To expect these very different forms of socio-economic organisation, and a completely different cultural and historical context to produce the same kind of extreme right-wing politics is, in fact, dangerous: it causes us to misperceive the instances where movements inhabiting the same, extreme-right position on the political spectrum take power, and apply programmes that, while neoliberal in form, are still distinctly fascist in content. 

Social atomisation has combined with this form of extreme inequality to produce technofascism: a system where small government allies itself with a technological oligarchy to discipline and control. What Trump and his minions have understood better than any of us is that he who controls the algorithms and AI learning models will be able to manipulate us all in ways unimagined even by George Orwell. 

Mass mobilisation – and incitement - occur from behind the computer screen, through timelines carefully – or, in a more cynical vein, carelessly – curated by algorithms and an absence of basic fact-checking; lies no longer become true merely because they are repeated ad infinitum in newspapers and on tv, but because they are pronounced, reposted, and boosted by these algorithms; and giving the right kind of billionaire his space at an increasingly corrupt trough works wonders when it comes to maintaining a self-interested discipline among the super-wealthy. Add to this the almost religious faith in – billionaire-controlled - AI as a cure-all, and the dangers of denying the true nature of this regime become clear.

Trump and his kin do not need regimented party blackshirts, a federal propaganda ministry, or centrally devised four-year economic plans. Instead, going with the times, they outsource their ‘muscle’ to a motley crew of adequately incited rioters, their disinformation to tech bros, and their economic activity to an informally networked billionaire oligarchy. The message remains the same: scapegoating of minorities (Muslims and immigrants, not Jews); imperial megalomania (Canada and Greenland, not Poland or the Mediterranean); the worship of pure power-politics (and those world leaders who practice it); virulent anti-intellectualism (no book burnings but mass deletions of data); and a personality cult which demands absolute submission to a leader (as seen during Republicans’ reprehensible behaviour in Congress). The end point of all of this is not a celebration of some populist form of democracy, but a hollowing out of any form of participation, camouflaged by the de-centralised nature of fascism in its new, technological guise.

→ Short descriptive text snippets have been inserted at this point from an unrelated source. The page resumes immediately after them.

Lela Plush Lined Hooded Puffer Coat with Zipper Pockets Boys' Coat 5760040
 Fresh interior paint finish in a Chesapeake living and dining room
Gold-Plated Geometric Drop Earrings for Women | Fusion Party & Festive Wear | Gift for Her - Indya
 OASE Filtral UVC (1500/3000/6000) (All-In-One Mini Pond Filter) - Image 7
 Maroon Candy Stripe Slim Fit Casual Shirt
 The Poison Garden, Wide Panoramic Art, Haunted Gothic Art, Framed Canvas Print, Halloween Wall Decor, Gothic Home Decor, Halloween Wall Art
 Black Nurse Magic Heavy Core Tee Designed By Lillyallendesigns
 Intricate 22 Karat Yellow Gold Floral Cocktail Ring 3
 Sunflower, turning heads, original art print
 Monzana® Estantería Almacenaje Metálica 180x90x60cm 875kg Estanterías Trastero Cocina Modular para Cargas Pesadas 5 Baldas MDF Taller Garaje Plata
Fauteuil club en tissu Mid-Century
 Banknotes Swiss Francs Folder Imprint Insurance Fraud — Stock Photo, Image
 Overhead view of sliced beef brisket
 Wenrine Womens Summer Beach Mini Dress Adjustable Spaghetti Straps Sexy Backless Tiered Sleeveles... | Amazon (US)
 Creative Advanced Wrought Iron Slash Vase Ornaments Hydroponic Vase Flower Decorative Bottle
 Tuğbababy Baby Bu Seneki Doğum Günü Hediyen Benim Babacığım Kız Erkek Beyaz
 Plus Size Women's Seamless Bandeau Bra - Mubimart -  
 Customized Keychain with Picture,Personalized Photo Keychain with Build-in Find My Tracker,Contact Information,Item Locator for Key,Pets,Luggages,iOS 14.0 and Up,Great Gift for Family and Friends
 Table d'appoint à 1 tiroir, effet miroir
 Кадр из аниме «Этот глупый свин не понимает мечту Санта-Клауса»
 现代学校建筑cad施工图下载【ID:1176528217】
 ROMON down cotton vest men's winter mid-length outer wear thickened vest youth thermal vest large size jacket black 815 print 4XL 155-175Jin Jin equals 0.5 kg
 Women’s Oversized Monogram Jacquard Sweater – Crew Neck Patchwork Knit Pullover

This makes calling things by their proper name especially important, not least in the United Kingdom. For Keir Starmer to continue pretending that we still live in 2001, that the United States has not fundamentally changed, that we can still allow for dependencies to be created with elements of this illiberal ecosystem, is at best naïve, at worst negligent. Beyond the niceties of realpolitik, Trump’s technofascist regime should be called out, and approached with the healthy distrust it deserves: as a threat to the fundamental values that underly the very fabric of the open, democratic society liberals and progressives claim to aspire to.